ISSN 2039 - 6937  Registrata presso il Tribunale di Catania
Anno XII - n. 01 - Gennaio 2020

  Ultimissime



Competenza dell’Autorità di regolazione dei trasporti sulla determinazione dei coefficienti di maggiorazione del canone di utilizzo dell’infrastruttura ferroviaria.

   Consulta il PDF   PDF-1   

Tar Piemonte, Sez. II, 7 gennaio 2020, n. 23.

L’art. 18, d.lgs. n. 112 del 2015 deve essere interpretato secondo quanto statuito dalla Corte di giustizia dell’Unione europea nella causa C-369/11 nel senso che sussiste una competenza dell’Autorità di regolazione dei trasporti in tema di determinazione di ogni componente del canone di utilizzo dell’infrastruttura ferroviaria, inclusi i coefficienti di maggiorazione (1).

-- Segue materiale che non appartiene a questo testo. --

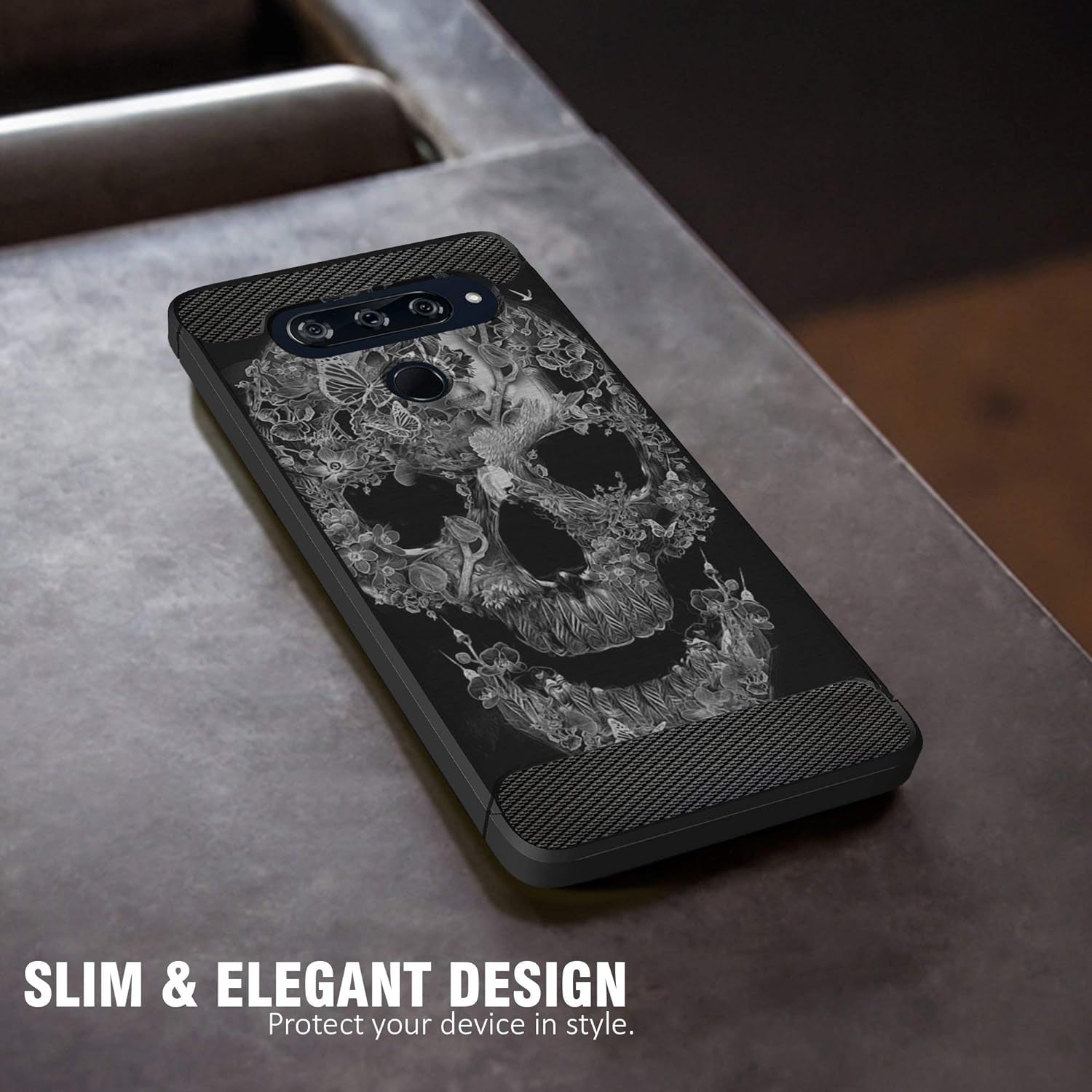 Casesondeck Slim Case Compatible with [LG V40 Thinq] Thin Scratch Preventing TPU, Matte Finish Carbon Fiber Texture Edges (Flower Skull)  CasesonDeck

(1) Ha affermato il Tar che l’applicazione di sovracanoni o mark-ups deve tenere conto di quanto previsto dall’art. 32 della direttiva 2012/34/UE e rispettare principi di efficacia, efficienza e non discriminazione; l’applicazione del sovracanone nel modello normativo, per trovare giustificazione, presuppone una attività istruttoria del gestore, sotto il controllo del regolatore, che comporta la previa individuazione di binomi di segmenti di mercato indicati nell’allegato IV della direttiva o individuati dal modello regolatorio caratterizzati da una comprovata diversa ability to pay.

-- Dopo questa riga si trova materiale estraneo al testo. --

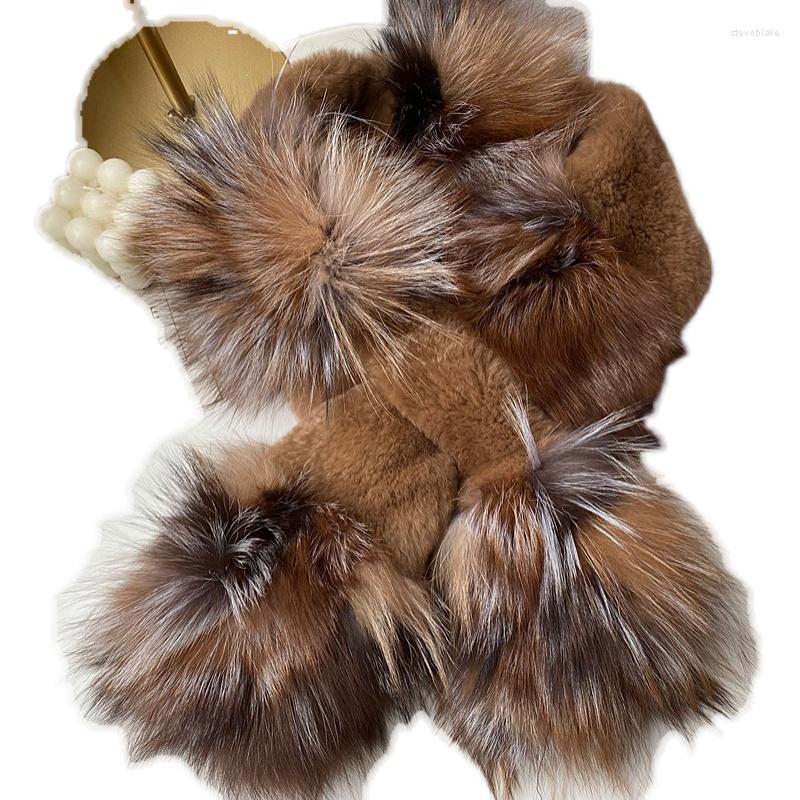 

Scarves Winter Spring Ladie's Luxury Genuine Rex Fur With Silver Trimmed Scarf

Ha aggiunto il Tar che anche a livello europeo, tutti i regolatori riscontrano che una corretta e quindi efficiente individuazione dei segmenti di mercato finalizzata all’applicazione di sovracanoni è operazione delicata e richiede, tra l’altro, una acquisizione di dati da parte del gestore di rete che è difficile ottenere dalle imprese ferroviarie; tuttavia il gestore che intende applicarli “should provide sound justification of their application of the provisions of Article 32 in their Network Statements”. Pertanto, secondo il modello normativo come anche interpretato a livello europeo da organismi terzi, non solo l’Autorità deve individuare quantomeno elementi concreti ed espliciti che giustifichino l’applicazione del sovracanone ma lo stesso gestore deve fornire “solide giustificazioni” nel proprio prospetto di rete circa la scelta effettuata.